Other times I wandered just with one other, often at dusk, my favourite time of day, and she and I would talk about the things that were making us sad, the answers we were trying to find in our lives. We would stop to look at the sun setting, and at cows in the fields. I’m not sure we found the answers, but I think what we grew between us on those evening walks along the hedgerows was some kind of hope—the kind of hope that a growing friendship feeds.
In Wales I also walked up a mountain, explored castles, dug potatoes, checked fields for molehills. I removed ivy from trees—an activity involving considerably more effort than that short phrase implies, with small axes and other tools, scrabbling through undergrowth and small branches, and as much brute strength as I could muster—and built and burned a bonfire. Of course, when I say “I” there, I really mean “we”.
Listening to this man’s presentation, a year after my own introduction to the hedgerows, I’m realise I’m finally beginning to understand the kind of room my heart made for the country I walked through then, and the people I walked with.
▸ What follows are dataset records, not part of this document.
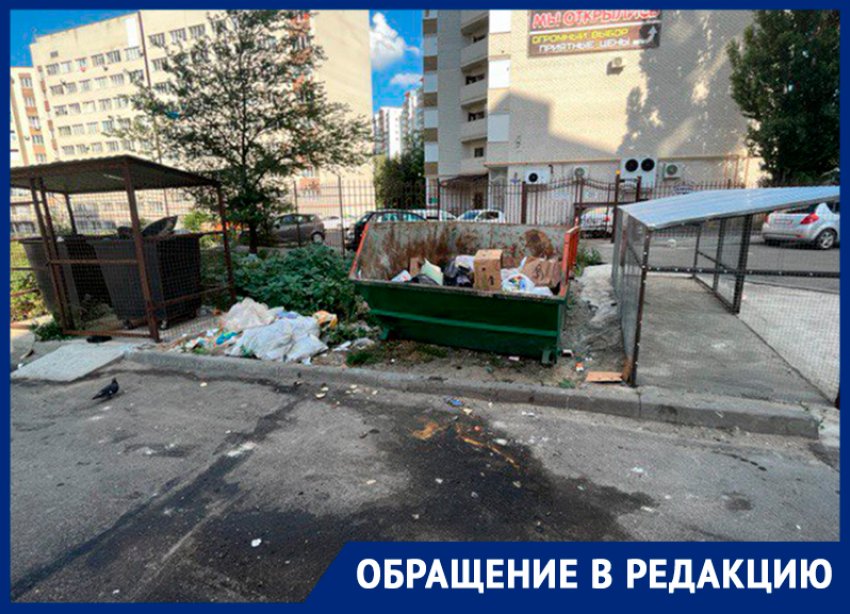 Загаженой мусоркой и пустырем вместо сквера любуются молодые семьи Ставрополья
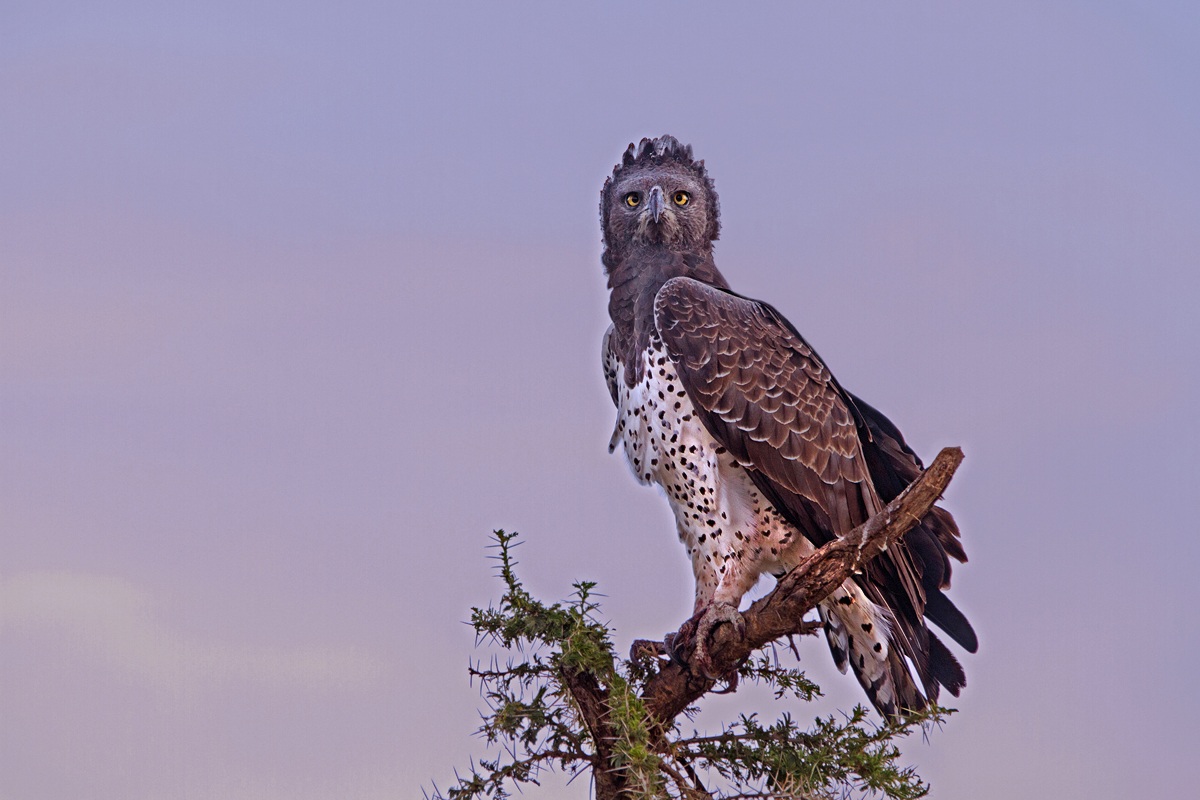 Polemaetus bellicosus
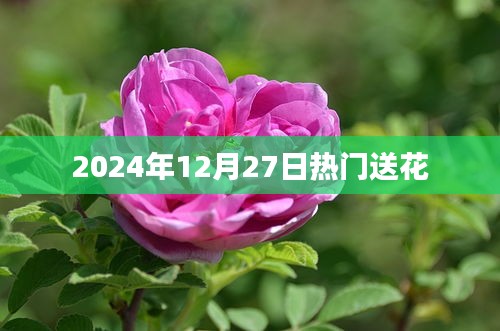 精选节日送花指南，2024年12月27日热门鲜花推荐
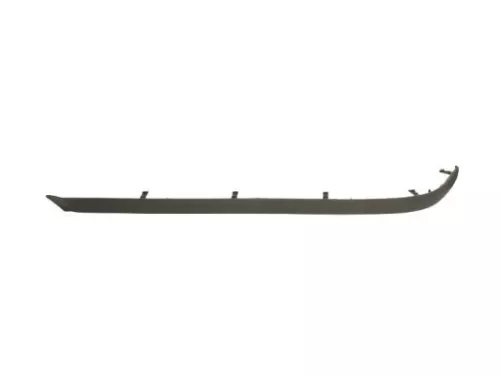 Trim/Protection Strip, bumper
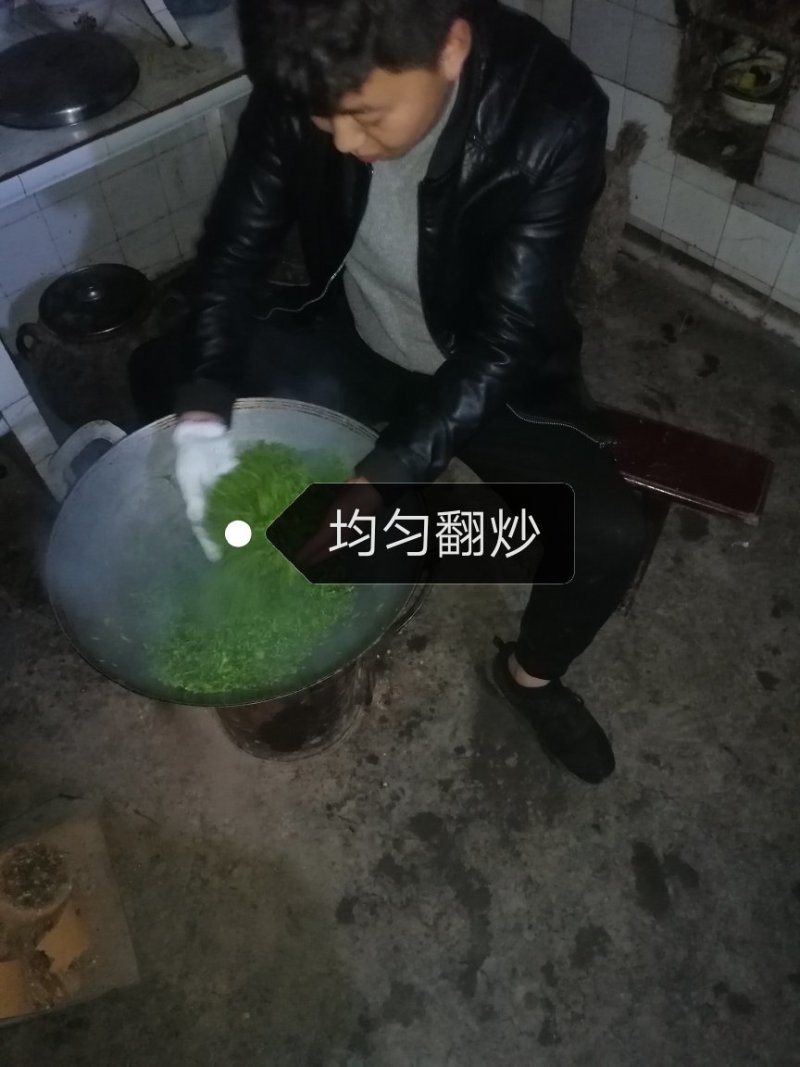 青山绿水苦丁茶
I’m also seeing the depth of the fog that surrounded me at that time, and that perhaps it was a necessary buffer. As that fog has lifted, slowly, a gratitude for that time, those people, and that place has settled in its place.
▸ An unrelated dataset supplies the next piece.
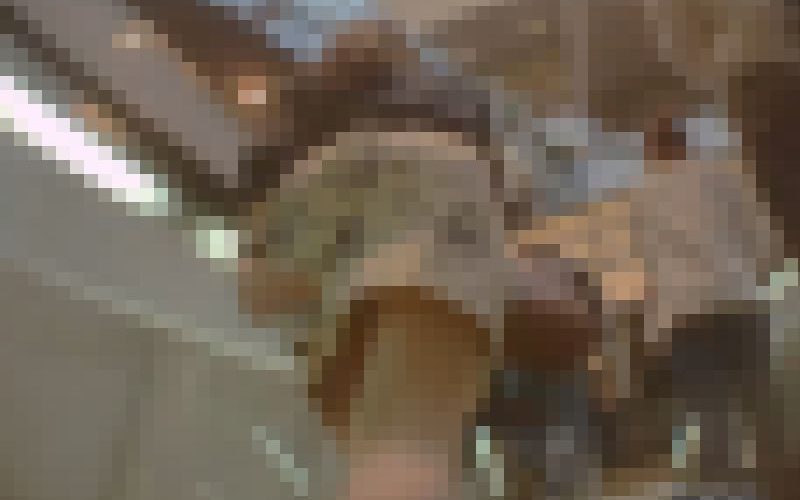 ★Dogeyes★完全オリジナル174 知的マダム前下からデルタ部頂きました。ピタスト、大人の色気をどうぞ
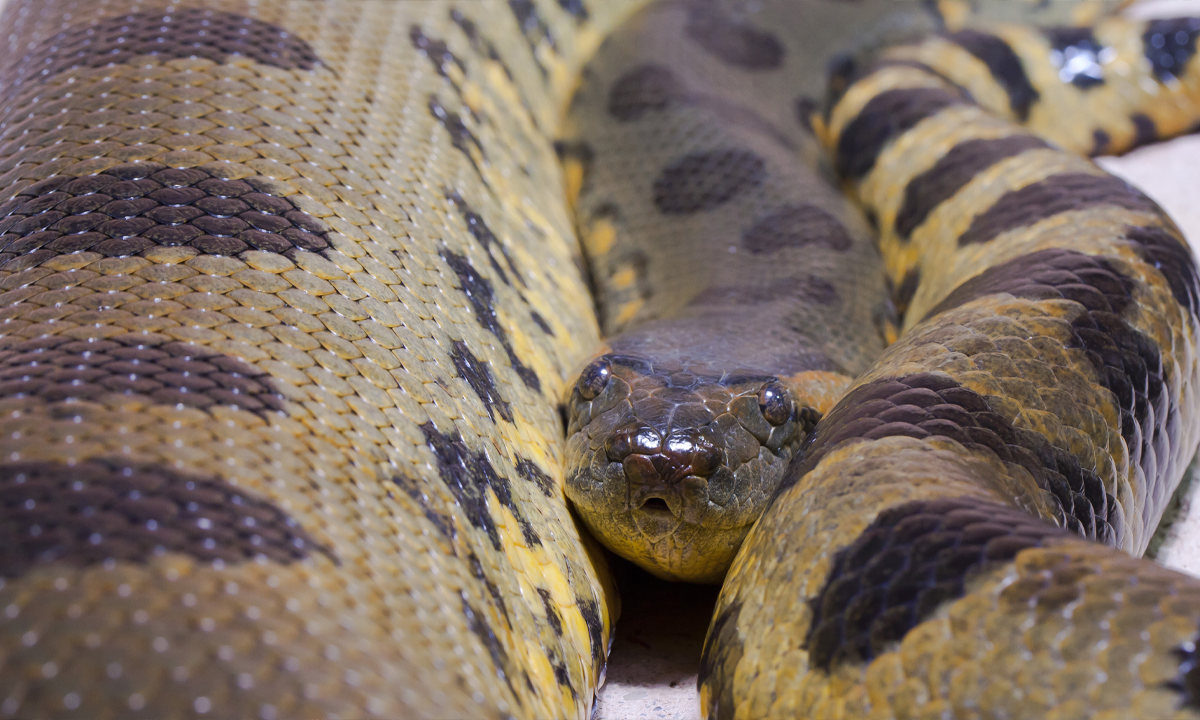 cobra amazônia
Later, at the pub, this man and I talk very briefly about our different connections to the place in his presentation. He tells me he’s spent very little time there himself, but its presence has haunted his family in the generations that came after his great grandfather’s death. I tell him a little about my time there, and I’m struck by the way this place is associated with sadness in each of our stories, and with a shift in the direction those stories.
For him, this shift happened before he was born, and his exploration of it is in part an attempt to understand how it’s contributed to where he finds himself now. For me, this shift is something much more recent in my past, and I have a feeling that it will still be quite some time before I can see the impact it’s had on the wandering of my life.
All I know so far is that I think of the hedgerows, and those wanderings along them, often. They are vivid in my memory—the voices of my wandering companions, the soft quality of the light, the quiet of the countryside, the texture of the different plants, and the scent of them.
I’ve been thinking a lot about how things leave traces on us, and how those traces are not always obvious. Even when they’re felt, we can’t always understand what they really mean, or will mean. I may spend the rest of my life not fully understanding the traces left by the time I spent in Wales. And maybe this is what that man’s presentation showed me—that the traces of a place and things that happen in a place may be felt generations later, and perhaps still not understood.
Threads and spaces between have been concepts at the forefront of my mind for some time now. In my own talk at the conference where the man spoke about the Welsh hedgerows and his family, I spoke about sound as a medium that creates what sound theorist Brandon LaBelle calls ‘relational space’. This is an important argument for my thesis—and is both figuratively and literally true—but I also think that, at least figuratively, the same might be said for any of the senses. They are an opportunity to perceive relational spaces and to notice the threads that run through them.
I’m still not quite there in trying to understand my time in Wales and what it’s meant for me. The threads are still loose here. But maybe that’s an interesting point at which to pause, and just to notice the slack in the weave.
I think of my mother’s knitting. The way she weaves together threads of yarn over many hours, in stages, on and off, to make a garment; the way she unravels parts or all of that garment if the finished piece doesn’t quite work, and starts again.
The things she makes are always beautiful, for all that weaving and unravelling and re-weaving. Maybe I’m still unravelling Wales, so I can begin weaving again.